The records below are to be repeated exactly, and their pictures left out.
-------- INFORMATION GIVEN --------
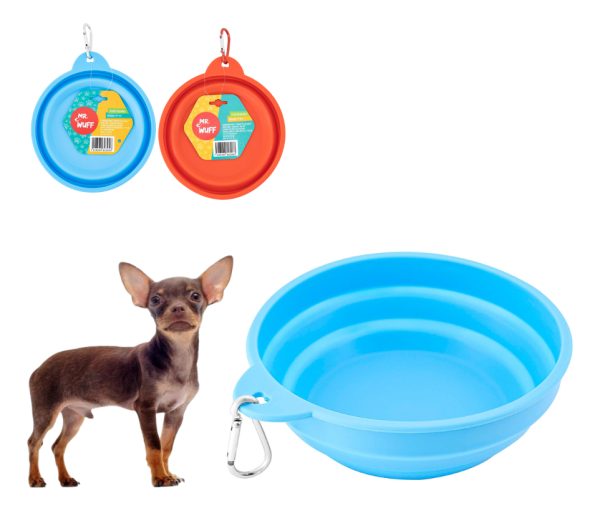 Plato Comedero Para Perro Plegable 17x11x5cm Mr Wuff Color Azul
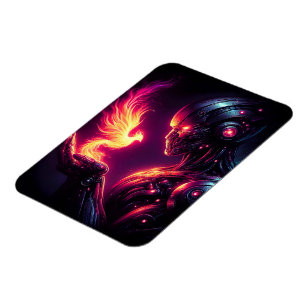 Cyber Futuristic Robot Phoenix Fire Spirit Magnet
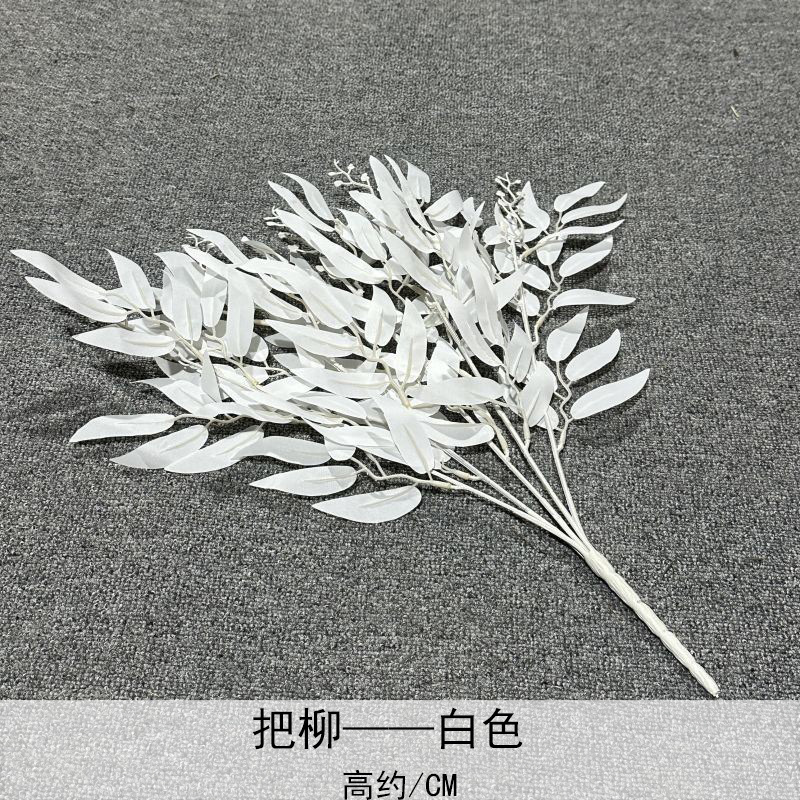 Hojas de simulación de hoja de Sauce de cinco tenedores boda sala de boda simulación planta seda impresión tela fábrica al por mayor entrega transfronteriza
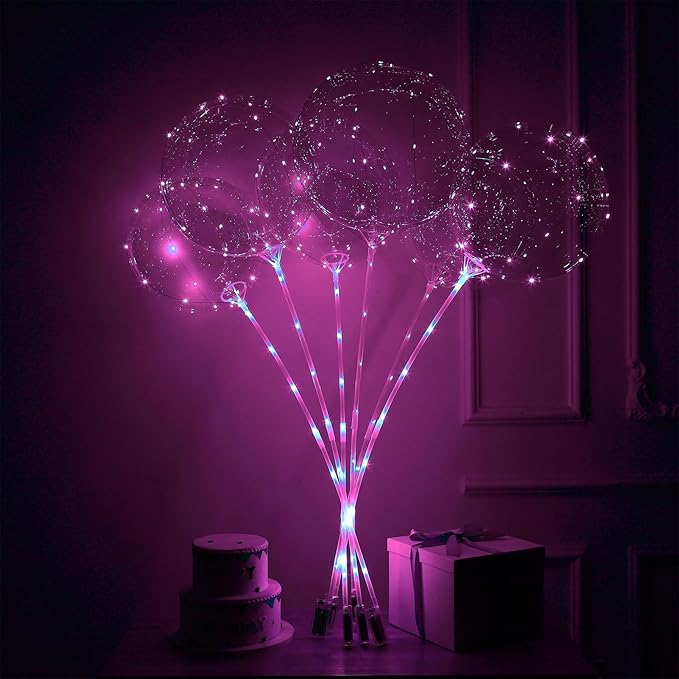 LED Balloons Light Up, 10 Pack LED Balloons with Sticks, 20 Inch Clear Bobo Balloon with Lights Helium Glow Bubble Lights for Party Supplies Valentines Decor (Pink)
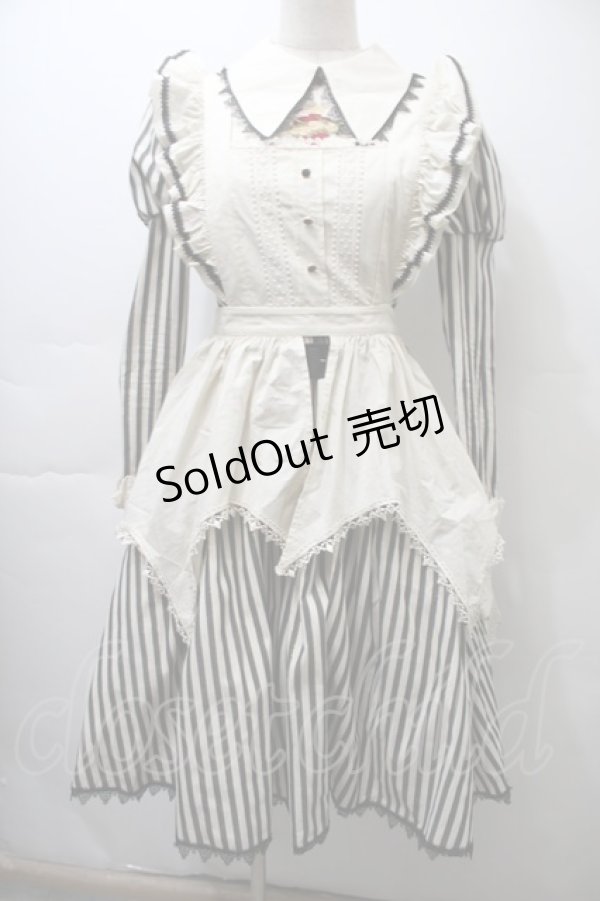 画像1: 仲夏物語 / エプロン付きストライプワンピース  オフｘ黒 S-25-10-26-035-EL-OP-AS-ZS (1)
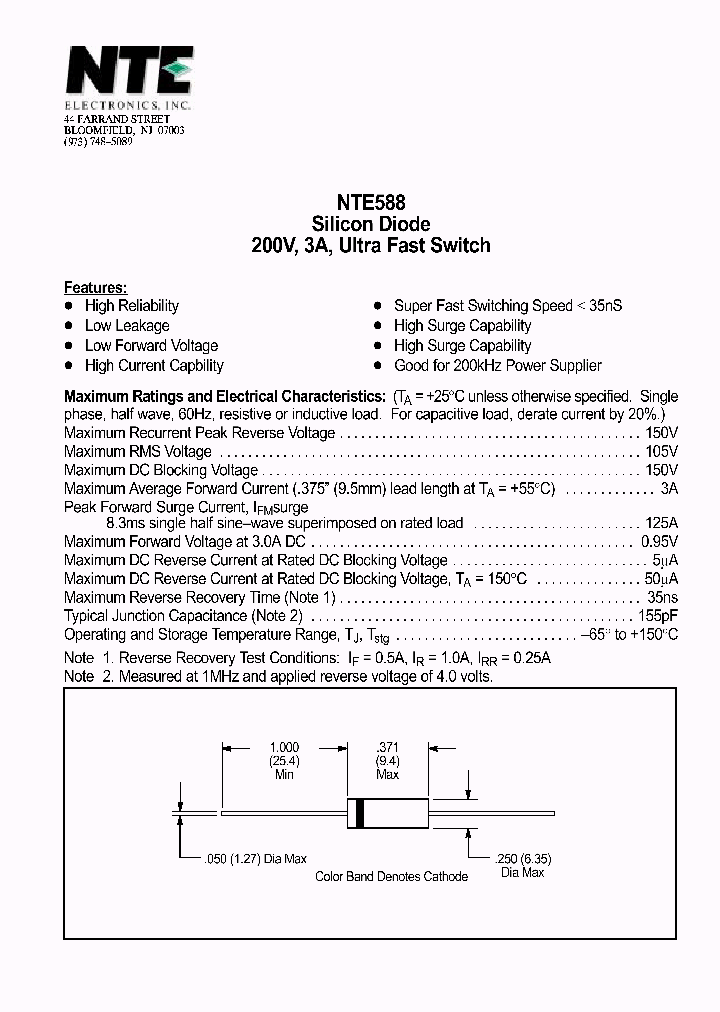 NTE588_1291076.PDF Datasheet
--------
• _ANSWER BOX_
 Plato Comedero Para Perro Plegable 17x11x5cm Mr Wuff Color Azul
 Cyber Futuristic Robot Phoenix Fire Spirit Magnet
 Hojas de simulación de hoja de Sauce de cinco tenedores boda sala de boda simulación planta seda impresión tela fábrica al por mayor entrega transfronteriza
 LED Balloons Light Up, 10 Pack LED Balloons with Sticks, 20 Inch Clear Bobo Balloon with Lights Helium Glow Bubble Lights for Party Supplies Valentines Decor (Pink)
 画像1: 仲夏物語 / エプロン付きストライプワンピース  オフｘ黒 S-25-10-26-035-EL-OP-AS-ZS (1)
 NTE588_1291076.PDF Datasheet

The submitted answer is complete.